Types of information or data applied within the ERP system: The local accounting and tax rules should be configured appropriately in the ERP system, including VAT codes/rates, and accounting related matters. Should your chart of accounts or secondary ledger be maintained within the ERP system? Again, you have country-specific expectations. In France, entities submit a DAS 2 report to the government regarding all payments made to suppliers on an annual basis. In Germany, GDPDU requires companies to export data for all transactions and master data from a fiscal year from their ERP system.
Local certification requirements for ERPs: Some countries (such as Portugal) require the use of authorised ERP systems only.
How long does ERP localization take?
The answer here dependson the country and the specific local rules.
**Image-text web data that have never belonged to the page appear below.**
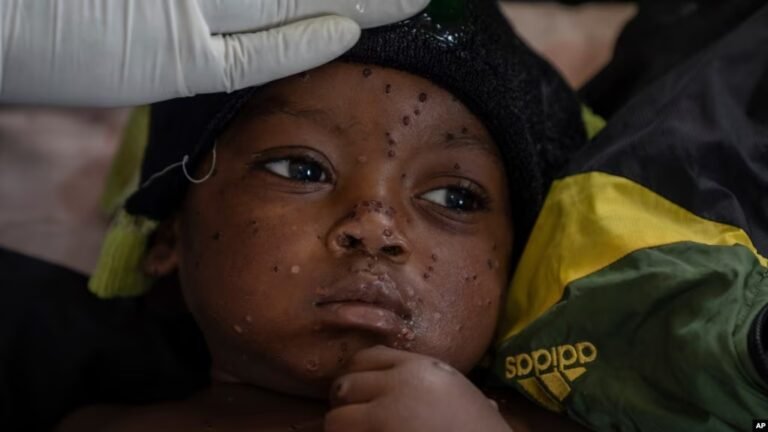Mpox cases in Congo may be stabilizing, but more vaccines needed to stamp out virus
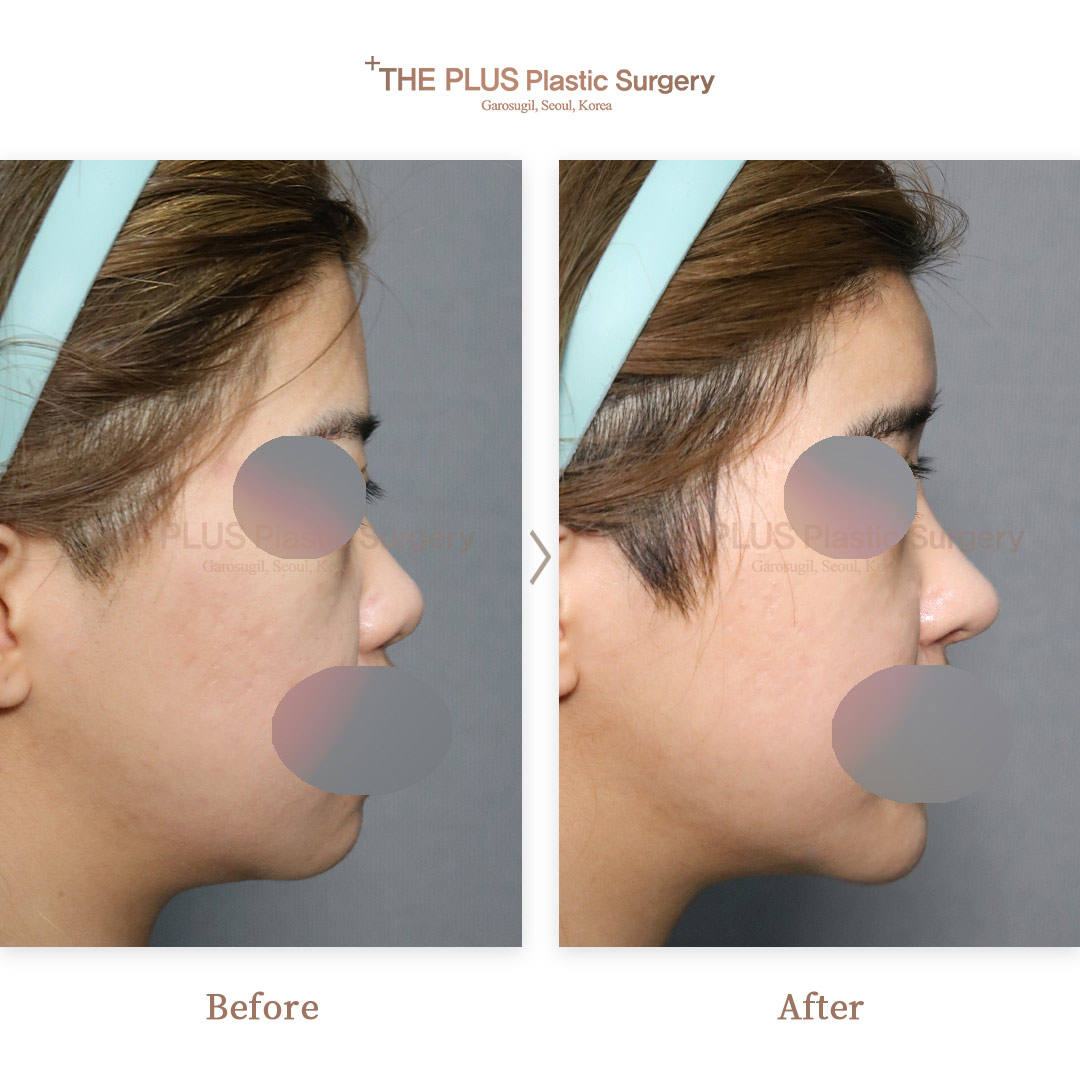 THE PLUS CLINIC KOREA -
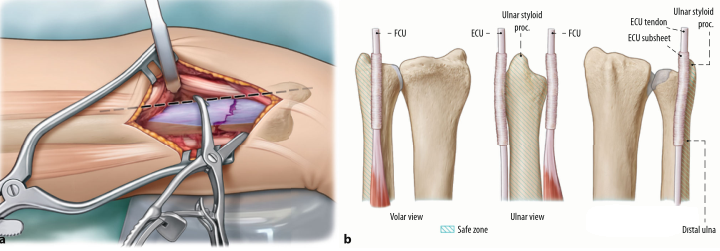 Surgical treatment of distal ulnar fractures06.png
To help, TMF has just published its GBCI report which gives an indication on the local complexities.
Usually if businesses have the appropriate knowledge, expertise, and the right people, the process takes a couple of weeks for one country. A large portion of this time (and a key focus) is training. Localization experts should hold training and workshops and also document processes appropriately.
You’ll need walkthrough sessions with colleagues regarding the newly configured ERP systems. And in our experience, shadowing employees early on really helps. Shadowing involves skilled individuals who watch and give advice to colleagues who are new to the localized ERP system.
Additional mentoring might even be needed as well. We don’t consider knowledge transfer to be complete until every user feels comfortable with the new system. This is extremely important.
In the end, it can take some time before a localization project is completed for one country and everyone is comfortable with the results. So while I suggested “a few weeks” above, I wouldn’t expect it to be fluid and natural within one month.
How to begin your localization project
As I hope is now clear, ERP localization is both complicated and intricate, full of hidden rules and pitfalls for the inexperienced. For this reason, we always recommend working with trusted professionals.
Global compliance is TMF Group’s specialty, and we’d be glad to discuss your business and make recommendations.
However you choose to proceed, remember that the process can be long, with training and shadowing vital steps in your rollout. But with professional help, you’ll have a compliant business in new markets in no time.